Когда Михаил Бакунин открыл в гегелевской философии путь в действительность, Белинский с бурным восторгом последовал за ним. Но и Бакунин и Белинский поняли гегелевское положение о разумности действительности превратно, или, вернее, так, как понимала его реакционная часть гегельянцев. Белинский радостно констатирует, что сочная, тяжкая, живая действительность на самом деле права, что сила дает вместе с тем право, что надо преклониться перед действительностью, нырнуть в нее, стать ее элементом, и только тогда перестанешь висеть в воздухе и мучиться своей отчужденностью. Белинский с героической решительностью (в период статьи «Бородинская годовщина») меняет эфемерный рай идеалистических парений на действительность, хотя бы и в высшей степени суровую. Конечно, эту суровую действительность Белинский старается всячески приукрасить, сделать ее для себя более или менее приемлемой. Но очень скоро Белинский по достоинству оценил все омерзительные стороны приукрашивания самодержавной действительности и с ужасом отвернулся от своей веры в нее. Сначала он отшатнулся было опять к чистому индивидуализму, заявив, что судьбы личности кажутся ему гораздо более важными, чем какие угодно исторические стихии и события Но это было только сильным, естественным движением прочь от ошибочного пути. Белинский начинает сейчас же искать возможностей стать активным элементом той же самой действительности, устремленным к преодолению ее неразумных сторон. Теперь перед ним открывается Гегель уже в своей подлинной диалектике. Вместе с Фейербахом Белинский приходит к признанию материалистической сущности действительности и вместе с тем таящихся в ней противоречий. Он начинает соглашаться, что быть человеком действительности не значит преклоняться перед ней, а часто значит — бороться с этой действительностью. Борьбой романтической, борьбой бесплодной будет такая борьба с действительностью, которая не основана на присущих самой действительности силах развития, и Белинский с проницательностью, достойной предшественника марксизма, старается найти в русской общественности силы и тенденции, на которые можно было бы опереться в борьбе с силами косными.

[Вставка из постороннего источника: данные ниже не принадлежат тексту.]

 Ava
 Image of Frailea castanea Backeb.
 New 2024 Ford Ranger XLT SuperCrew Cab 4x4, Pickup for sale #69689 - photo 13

Однако сделать это во времена Белинского было не легко. Белинский не поддался всеобщему народническому самообману. Хотя он видел в крестьянине человека практичного, трезвого, трудового, который, по его мнению, очень легко мог освобожиться от религиозной одури (указание Белинского в знаменитом письме к Гоголю), но все это привело Белинского лишь к мысли, что крестьянин является, так сказать, превосходным объектом для дальнейшей работы над ним; однако в собственно революционную силу крестьян, — даже в силу их, как решающего союзника в борьбе разночинной интеллигенции со старым порядком, — Белинский не верил. Вместе с очень немногими писателями-мыслителями того времени Белинский пришел к выводу, что России нужно пройти через школу капитализма. Никогда, конечно, Белинский не примыкал к идеологии капитала, но в недоговоренной и, может быть, даже не додуманной до конца форме Белинский указывал на необходимость поднятия России до уровня европейских стран ценою развития в ней буржуазии, как условия дальнейшего политического и общественного прогресса.

Чрезвычайно важным в жизни, чувствах и взглядах Белинского является его решительный революционаризм. Белинский считал допустимыми самые решительные формы революции, симпатизировал якобинцам и их террору. Это с особенной яркостью сказалось в той знаменитой сцене, о которой рассказал нам Герцен, когда Белинский, весь дрожа от волнения, бросил в лицо опешившим спорщикам новый аргумент — аргумент гильотины.

Смерть прервала развитие Белинского в самой середине. Вряд ли приходится сомневаться в том, что, проживи он дольше, он подошел бы к марксизму ближе, чем сделали это Чернышевский и Добролюбов, его прямые продолжатели.

Все это дает нам основание видеть в Белинском, как общественно-политическом мыслителе, одного из прямых предшественников коммунизма, само собой разумеется, поскольку мы берем этих предшественников в условиях русской действительности.